* [REQUIRED WORK]: Return all of the data exactly, omitting any images.

* [THE DATA]:
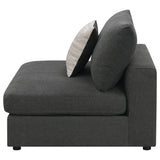 Serene Upholstered Armless Chair Charcoal - Tampa Furniture Outlet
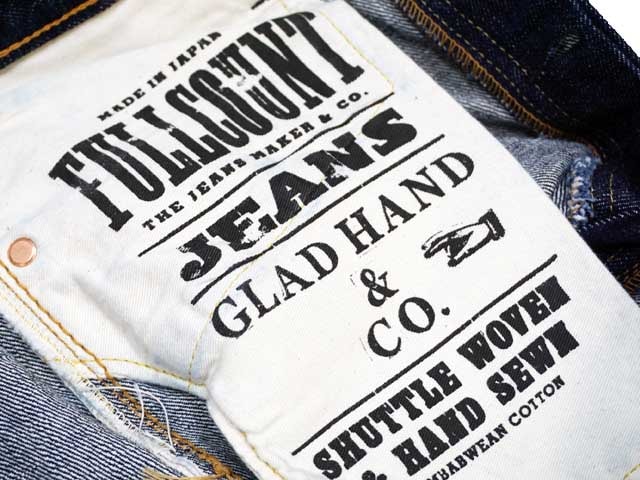 【GLAD HAND/グラッドハンド】×【FULLCOUNT/フルカウント】2021SS「Slim Straight Denim  Pants/スリムストレートデニムパンツ」(1111W),  (デニム/ジーンズ/インディゴ/アメカジ/ハーレー/ホットロッド/Gパン/ジーンズ/WOLF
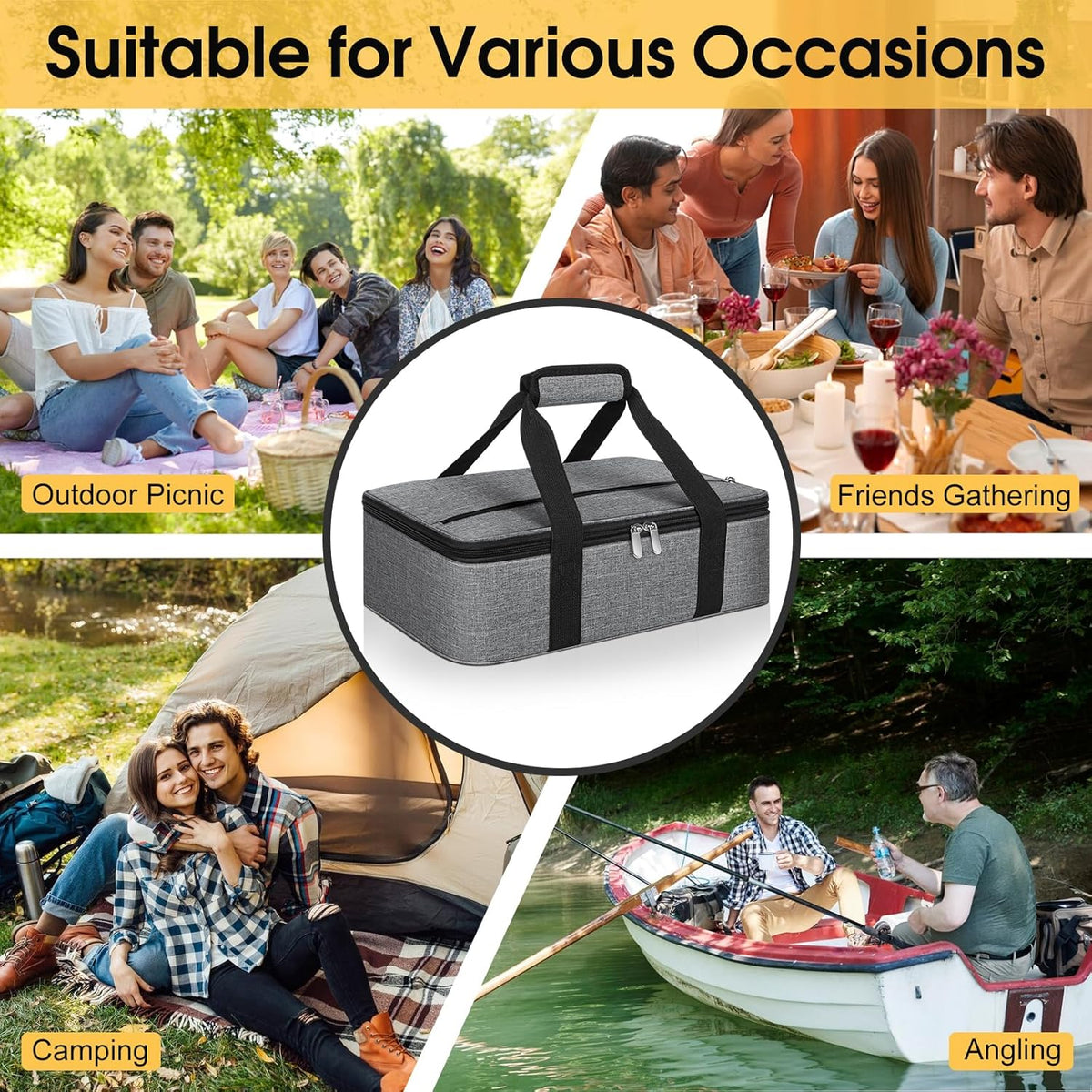 Insulated Casserole Carrier, Casserole Carrier for Hot or Cold Food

* [WRITTEN ANSWER]:
 Serene Upholstered Armless Chair Charcoal - Tampa Furniture Outlet
 【GLAD HAND/グラッドハンド】×【FULLCOUNT/フルカウント】2021SS「Slim Straight Denim  Pants/スリムストレートデニムパンツ」(1111W),  (デニム/ジーンズ/インディゴ/アメカジ/ハーレー/ホットロッド/Gパン/ジーンズ/WOLF
 Insulated Casserole Carrier, Casserole Carrier for Hot or Cold Food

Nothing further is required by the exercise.